While this may seem overwhelming to those who have just begun to manage a restaurant, they can be made much easier through the creation of standard operating procedures. These are the things that make the difference between running a restaurant and managing a restaurant business.
Why Create Standard Operating Procedures?
Standard operating procedures are standardised processes that tell those working in an organisation how things should be done. In restaurants, they have several benefits including:
- Ensuring quality in the food you serve. By using the exact procedure you know will result in the highest quality finished meal every time you cook a dish, it is easy to ensure every dish you serve is high quality.
- Providing a consistent customer experience. Customers return to your restaurant because they enjoyed the experience the first time around. Having set operating procedures ensures the experience will be just as good each time they come back.
- Make work easier for staff. When staff understand what they should do in every situation, from greeting customers to clearing the table, there is no confusion when it comes to performing the task. This can make things quicker and easier.
- Reduce the effects of staff turnover. Staff turnover in restaurants can be high. By having set procedures, you aren’t relying on any one employee to get things done in your restaurant. It also makes it easier for new staff to get on board.
- Reduce reliance on the manager. Without a written down set of operating procedures, the success of the restaurant relies on the knowledge of the person in charge. This increases pressure on the manager and can make it incredibly difficult for the restaurant to continue should the person in charge need time off or be unable to work.
- Satisfy health and safety regulations. Many areas require restaurants to have a set of standard operating procedures regarding how they handle food in order to comply with health and safety regulations.
How to Create Standard Operating Procedures
Before you create standard operating procedures, you need to decide if you are generally happy with how your restaurant does things, or if you would rather create a new set of optimal procedures.
If you are happy with how things are done, you just need to follow the steps below to note how the tasks are completed. If you want to optimise your steps, you need to find out what exactly an optimal step is. How you do this will depend on the procedure you are creating, although one way could be to find out what the industry standards for that task are.
In terms of documenting your standard operating procedures, you have several options. They can be created and stored in a Word document or using software like Process Street. You should choose the method that will be of most use to your team.
Each procedure should consist of:
- The name of the task.
- A summary of what it is for.
- The exact steps the people involved should take to complete the task.
To do this properly, you’ll need to speak to the people who are already doing each task to discover if you have missed anything out.
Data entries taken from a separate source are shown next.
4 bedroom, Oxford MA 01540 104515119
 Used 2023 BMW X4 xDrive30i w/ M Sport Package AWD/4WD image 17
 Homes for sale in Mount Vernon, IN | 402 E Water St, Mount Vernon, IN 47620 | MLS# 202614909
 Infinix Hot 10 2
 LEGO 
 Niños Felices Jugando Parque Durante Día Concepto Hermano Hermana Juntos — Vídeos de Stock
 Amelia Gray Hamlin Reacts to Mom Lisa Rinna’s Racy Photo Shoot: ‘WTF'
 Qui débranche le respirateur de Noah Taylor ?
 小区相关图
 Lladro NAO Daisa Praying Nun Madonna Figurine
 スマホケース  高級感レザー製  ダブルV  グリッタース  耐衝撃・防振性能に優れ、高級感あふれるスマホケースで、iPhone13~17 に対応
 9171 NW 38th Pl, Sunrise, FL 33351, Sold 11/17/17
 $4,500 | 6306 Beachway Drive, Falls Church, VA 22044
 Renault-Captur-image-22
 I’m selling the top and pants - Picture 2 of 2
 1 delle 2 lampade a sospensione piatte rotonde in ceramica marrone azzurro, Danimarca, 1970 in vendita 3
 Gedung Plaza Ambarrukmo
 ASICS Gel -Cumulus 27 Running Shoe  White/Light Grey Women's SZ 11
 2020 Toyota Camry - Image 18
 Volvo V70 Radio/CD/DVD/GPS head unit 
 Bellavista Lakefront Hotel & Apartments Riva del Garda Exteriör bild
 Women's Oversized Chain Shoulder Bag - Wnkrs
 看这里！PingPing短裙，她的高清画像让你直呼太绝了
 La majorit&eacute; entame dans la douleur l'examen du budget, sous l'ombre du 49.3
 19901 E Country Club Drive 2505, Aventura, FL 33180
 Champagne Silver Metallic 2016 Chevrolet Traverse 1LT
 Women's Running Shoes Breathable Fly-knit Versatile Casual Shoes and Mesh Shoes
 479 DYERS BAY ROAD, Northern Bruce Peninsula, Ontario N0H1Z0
You could also ask for input about what could improve the steps.
Once the process is written down, you can begin to test them out to ensure that:
- The steps work.
- The steps are written in a manner that is clear to those unfamiliar with the task.
Once you have written down all your standard operating procedures, it can be helpful to organise these in a procedure manual. This will make it easy for you and your employees to find how tasks should be performed when needed.
Effectively managing a restaurant means juggling several roles. However, it isn’t an impossible task if you are clearly focused on what you are doing and have a strong mission and strategy.
Having great food, a profitable menu, and providing an excellent customer experience will put you on the path to success. Ensuring your finances are in order, processes are in place, and that you have a core of reliable, well-trained staff will help you put your plans into action.
Hopefully, the ideas explored in today’s article will help you manage your restaurant to its full potential.